Ceci n’a rien d’évident, car quand bien même la situation actuelle est insupportable, le patient y est habitué, et cette habitude est plus forte que tout. Il faudra constamment pointer avec lui les changements positifs, même mineurs, et leurs conséquences sur l’ensemble de la vie ; peser le poids des bénéfices de ces changements par rapport aux bénéfices secondaires de ses symptômes ; aider à mettre à jour les bonnes cartes pour que progressivement le patient puisse voir les évidences positives ; soutenir dans le découragement ; rester vigilant dans l’euphorie du mieux-être… Les changements ses font par pallier, tout à fait imprévisible, et il faut pouvoir tenir la distance lorsqu’ils tardent à venir. C’est aussi le rôle du thérapeute.

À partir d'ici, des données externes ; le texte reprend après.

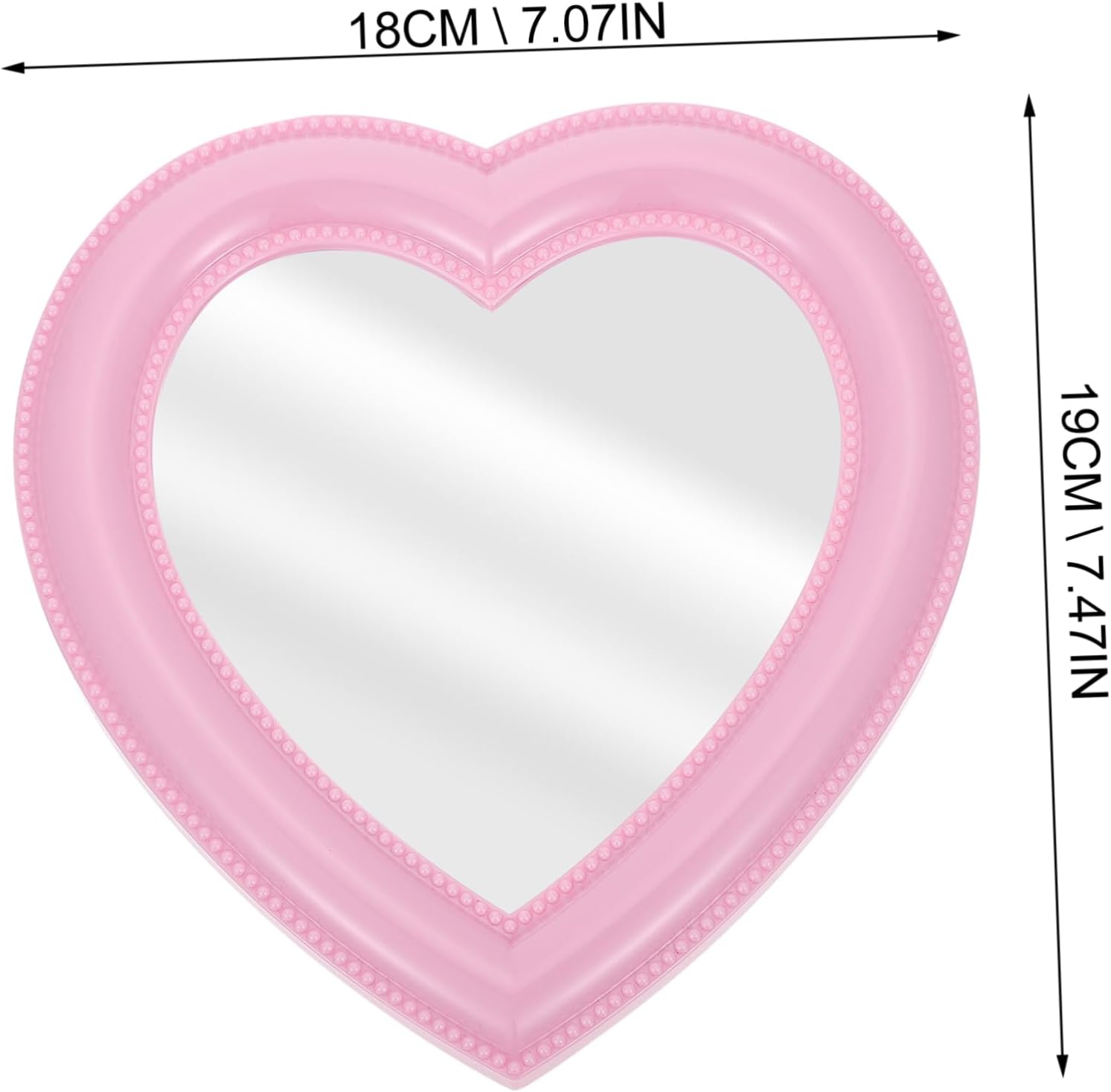 Alipis Heart-Shaped Makeup Mirror for Vanity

Pour amadouer cette peur du changement, on peut dire que tous les moyens sont bons : groupes de parole, en présence de personnes plus malades (qui peuvent fasciner mais aussi servir de contre-modèles) et d’autres moins malades (qui prouvent qu’on peut s’en sortir) ; thérapie en tête à tête, permettant de créer une empathie source d’affirmation de soi ; techniques de prise de conscience de ses émotions… Les liens proposés dans ce site renvoient à d’autres sites qui fournissent toutes les explications nécessaires sur les différentes thérapies.

Ce qui est certain, c’est que la thérapie ne peut « marcher », et durablement, que si vous adhérez à ce qu’elle vous propose. Sachant qu’au cours de votre évolution, vous pourrez aussi trouver plus d’intérêt à un type de thérapie, puis plus tard à un autre. L’essentiel est que vous viviez le changement dans votre vie quotidienne, que vous en sentiez les bénéfices : c’est encore le moyen le plus sûr que vous continuiez à progresser.

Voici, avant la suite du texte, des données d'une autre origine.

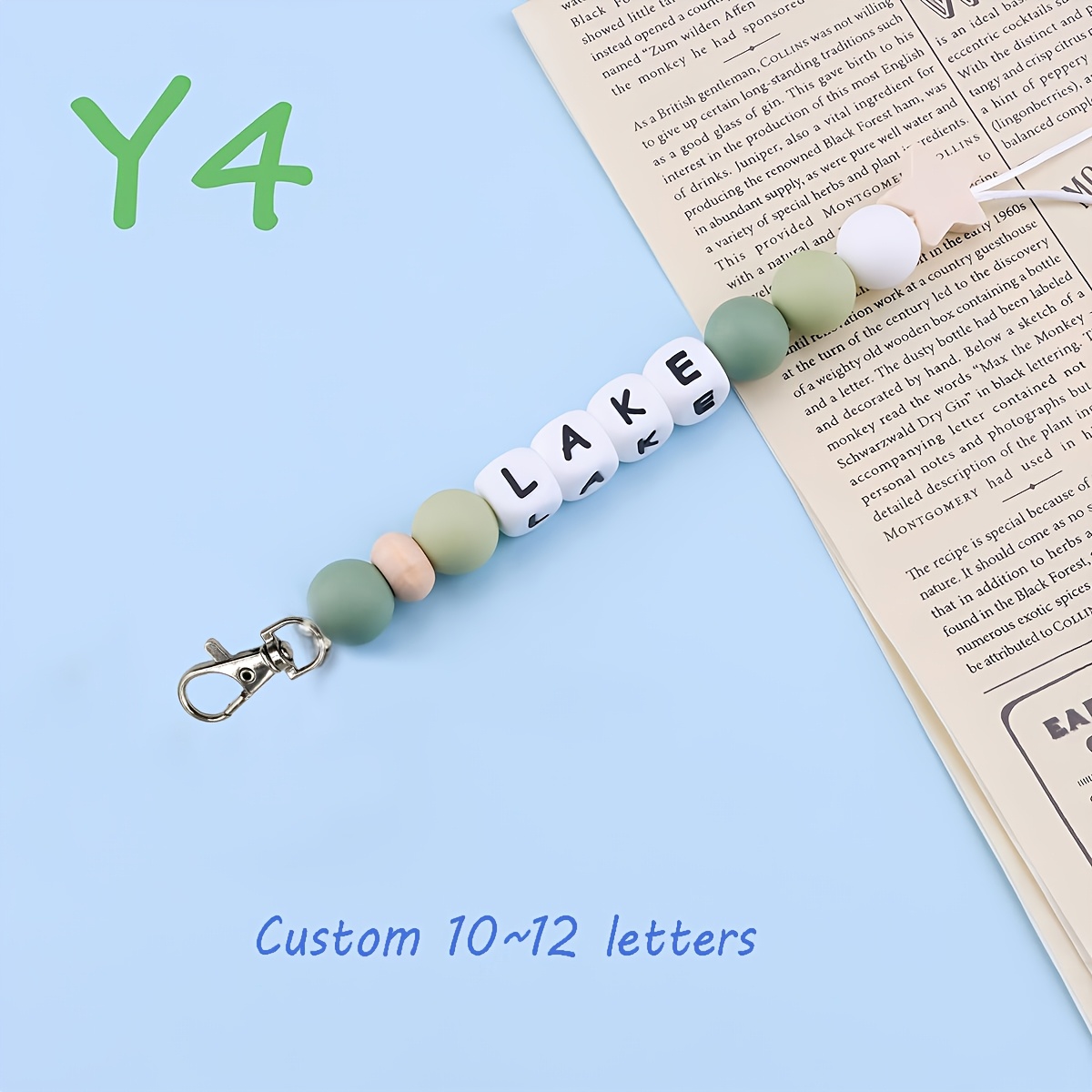 TEMU [custom]1 Personalized Silicone Letter Keychain, Element, Bag/water Bottle Name Tag Accessory, Mother's Day Or Graduation Gift (can Customize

Vous l’aurez compris : l’objectif n’est tant pas de résoudre l’équation qui vous a amené au TCA que de transformer vos maux en mots, afin que votre corps cesse d’être le réceptacle d’émotions qui ne trouvent pas d’autre voie pour s’exprimer, et que votre esprit soit dégagé d’obsessions qui vous empêchent de vivre.

Aujourd’hui, ça vous parait insurmontable : c’est normal, une montagne est devant vous, il faut la franchir. Mais plus vous avancerez, plus vous verrez que vous étiez capable de la gravir. Car l’énergie que vous mettez aujourd’hui à vous focaliser sur l’alimentation prouve que vous avez les ressources pour franchir l’Himalaya ! Il faut « juste » qu’elle puisse être progressivement utilisée à votre profit, et non l’inverse.